Upload an image and identify the taxon of the shell
Published on: 12 January 2025
Deep learning, particularly Convolutional Neural Networks (CNNs), has revolutionized the field of image-based classification. However, most CNN applications rely on flat classification structures, overlooking the nested relationships inherent in many real-world tasks. This study investigates a hierarchical CNN framework for the taxonomic classification of Mollusca species, leveraging the modularity and flexibility of a “Local Classifier per Parent Node” (LCPN) architecture. Each node in the taxonomic hierarchy (e.g., family, genus, species) is assigned a specialized CNN model, enabling individualized hyperparameter tuning and allowing each model to capture the morphological nuances specific to its target group.
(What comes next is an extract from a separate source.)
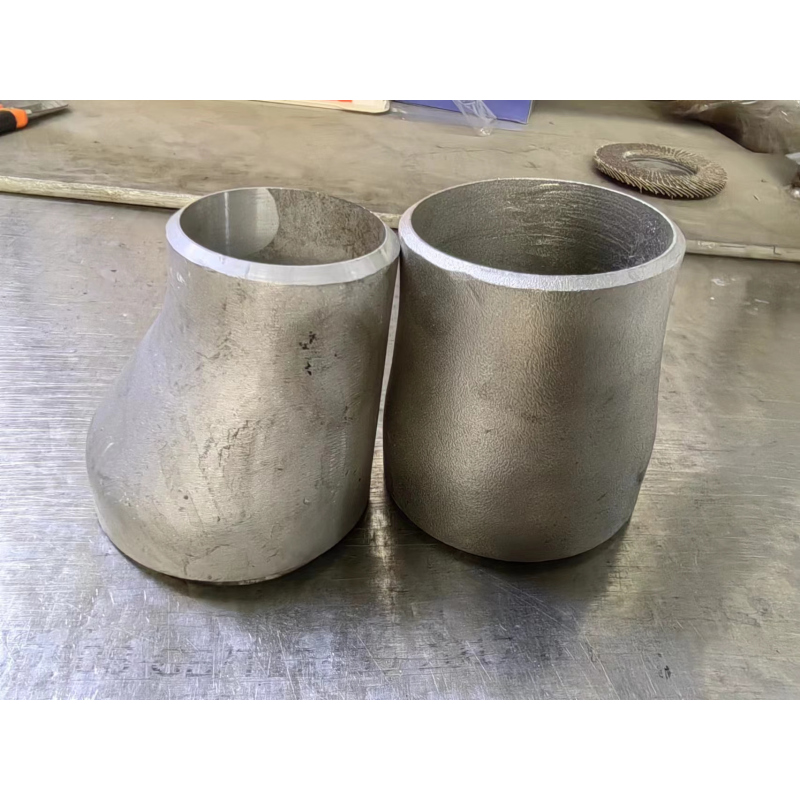 圣天 304不锈钢钢板焊制异径管 PN16 DN200×150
We construct a hierarchy of CNNs, from the phylum level down to individual genera and species, and address dataset imbalances through class weighting, focal loss, data augmentation, and undersampling. Empirical results underscore the effectiveness of our hierarchical architecture, showing improvements in predictive performance and robustness compared to a monolithic, flat classification model. Analyses within the family Cypraeidae reveal that genus-specific morphological features, rather than dataset size or class counts, most strongly impact model accuracy. By reducing classification errors at each taxonomic tier, the hierarchical approach offers finer control and interpretability of classifications — a key advantage for biodiversity monitoring, ecological research, and conchology.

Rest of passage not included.